Open edwardneal opened 2 weeks ago
While not strictly related to this, two comments on the ApiShould.TestSqlCommandCancel
test: this is always going to be a somewhat flaky test.
The flaky part of the test methodology is as follows:
Besides using threads directly, the current code enables Thread A to run immediately, while Thread B sleeps for 0.5s. This introduces a race condition where sometimes the command could have finished executing before the cancellation runs. In such a case, the original Assert.Throws call would fail (because ExecuteNonQuery/ExecuteReader completes without throwing an InvalidOperationException.) There was also an edge case where ExecuteNonQuery/ExecuteReader might throw a SqlException rather than an InvalidOperationException. In both of these cases, the exceptions went unhandled, the thread crashed and the testhost restarted.

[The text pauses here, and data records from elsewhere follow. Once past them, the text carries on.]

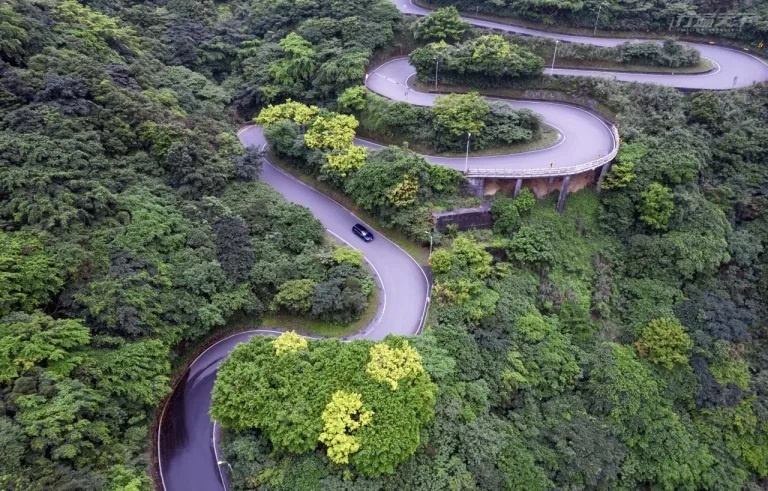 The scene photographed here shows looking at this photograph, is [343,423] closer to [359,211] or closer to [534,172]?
[359,211]

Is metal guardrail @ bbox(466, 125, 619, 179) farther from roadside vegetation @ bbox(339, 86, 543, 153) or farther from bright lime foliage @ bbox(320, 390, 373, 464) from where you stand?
bright lime foliage @ bbox(320, 390, 373, 464)

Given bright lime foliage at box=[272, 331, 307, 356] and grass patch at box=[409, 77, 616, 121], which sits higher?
grass patch at box=[409, 77, 616, 121]

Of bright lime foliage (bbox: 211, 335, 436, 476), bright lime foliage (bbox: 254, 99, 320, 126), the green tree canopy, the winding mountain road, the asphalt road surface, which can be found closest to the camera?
bright lime foliage (bbox: 211, 335, 436, 476)

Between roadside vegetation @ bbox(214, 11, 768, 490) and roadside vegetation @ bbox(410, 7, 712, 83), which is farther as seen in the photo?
roadside vegetation @ bbox(410, 7, 712, 83)

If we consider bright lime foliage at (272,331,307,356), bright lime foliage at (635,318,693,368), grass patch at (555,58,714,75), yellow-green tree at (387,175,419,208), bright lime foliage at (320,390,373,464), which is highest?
grass patch at (555,58,714,75)

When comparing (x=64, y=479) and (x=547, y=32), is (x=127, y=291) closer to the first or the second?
(x=64, y=479)

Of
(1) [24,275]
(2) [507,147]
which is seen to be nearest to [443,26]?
(2) [507,147]

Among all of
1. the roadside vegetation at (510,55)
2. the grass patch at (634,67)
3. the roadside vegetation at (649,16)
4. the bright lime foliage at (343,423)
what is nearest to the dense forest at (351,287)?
the bright lime foliage at (343,423)

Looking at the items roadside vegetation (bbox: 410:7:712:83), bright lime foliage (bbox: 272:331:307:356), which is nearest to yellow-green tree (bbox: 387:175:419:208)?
bright lime foliage (bbox: 272:331:307:356) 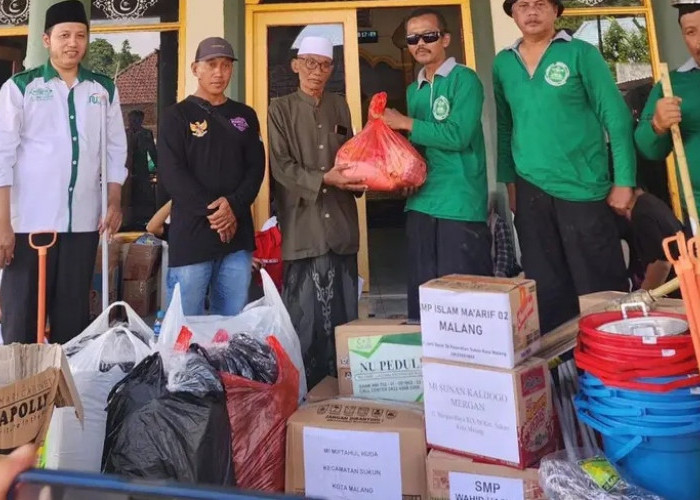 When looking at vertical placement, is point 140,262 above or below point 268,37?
below

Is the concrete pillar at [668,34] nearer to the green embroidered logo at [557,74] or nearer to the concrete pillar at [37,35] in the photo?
the green embroidered logo at [557,74]

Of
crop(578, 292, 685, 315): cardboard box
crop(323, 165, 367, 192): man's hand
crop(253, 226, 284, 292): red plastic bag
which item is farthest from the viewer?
crop(253, 226, 284, 292): red plastic bag

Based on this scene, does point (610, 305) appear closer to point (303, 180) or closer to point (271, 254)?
point (303, 180)

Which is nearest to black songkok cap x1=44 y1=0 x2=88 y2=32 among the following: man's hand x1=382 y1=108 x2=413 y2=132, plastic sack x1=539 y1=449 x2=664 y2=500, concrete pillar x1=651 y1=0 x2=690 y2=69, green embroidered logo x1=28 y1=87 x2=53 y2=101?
green embroidered logo x1=28 y1=87 x2=53 y2=101

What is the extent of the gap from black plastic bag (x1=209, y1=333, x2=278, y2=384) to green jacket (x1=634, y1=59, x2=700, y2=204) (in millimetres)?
1979

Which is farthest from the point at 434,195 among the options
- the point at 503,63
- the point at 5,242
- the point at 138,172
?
the point at 138,172

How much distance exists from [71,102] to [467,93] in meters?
1.99

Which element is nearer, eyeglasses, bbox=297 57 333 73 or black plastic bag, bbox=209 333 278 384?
black plastic bag, bbox=209 333 278 384

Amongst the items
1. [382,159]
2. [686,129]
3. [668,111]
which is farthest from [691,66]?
[382,159]

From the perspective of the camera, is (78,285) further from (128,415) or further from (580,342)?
(580,342)

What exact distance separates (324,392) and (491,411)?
2.81 ft

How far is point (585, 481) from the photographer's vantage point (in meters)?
1.57

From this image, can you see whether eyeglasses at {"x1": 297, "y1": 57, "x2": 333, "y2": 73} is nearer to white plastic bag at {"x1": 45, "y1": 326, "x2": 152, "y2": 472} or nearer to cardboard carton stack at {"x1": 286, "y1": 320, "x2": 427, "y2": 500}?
cardboard carton stack at {"x1": 286, "y1": 320, "x2": 427, "y2": 500}

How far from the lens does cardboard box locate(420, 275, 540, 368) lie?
183 centimetres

I've tried to rework this coordination slightly with an interlock and a tweak to the approach:
This reduces the race condition, but doesn't eliminate it: calling ExecuteNonQuery and ExecuteReader implicitly resets the SqlCommand's cancellation status, so it's possible that thread B might call Cancel, then thread A might reset this. We can never guarantee that a single Cancel call (or X sequential Cancel calls) will be enough to actually cancel the command; this is why Thread B now calls Cancel in a loop.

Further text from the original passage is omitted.